DATA SHOWN:
◇ ◇ ◇ ◇ ◇ ◇ ◇
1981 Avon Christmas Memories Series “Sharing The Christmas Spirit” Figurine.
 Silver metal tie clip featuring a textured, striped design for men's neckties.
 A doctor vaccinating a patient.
◇ ◇ ◇ ◇ ◇ ◇ ◇
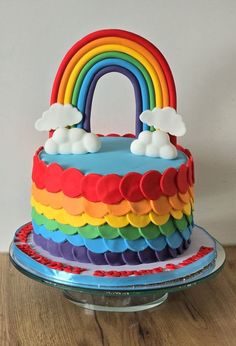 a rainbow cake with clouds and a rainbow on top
◇ ◇ ◇ ◇ ◇ ◇ ◇
WHAT THIS TASK INVOLVES: Your task for the entries above: copy exactly the span starting with the line with "1981 Avon Christmas" and going on through the line with "A doctor vaccinating a patient.", both lines included, and nothing else.

RESPONSE BELOW:
1981 Avon Christmas Memories Series “Sharing The Christmas Spirit” Figurine.
 Silver metal tie clip featuring a textured, striped design for men's neckties.
 A doctor vaccinating a patient.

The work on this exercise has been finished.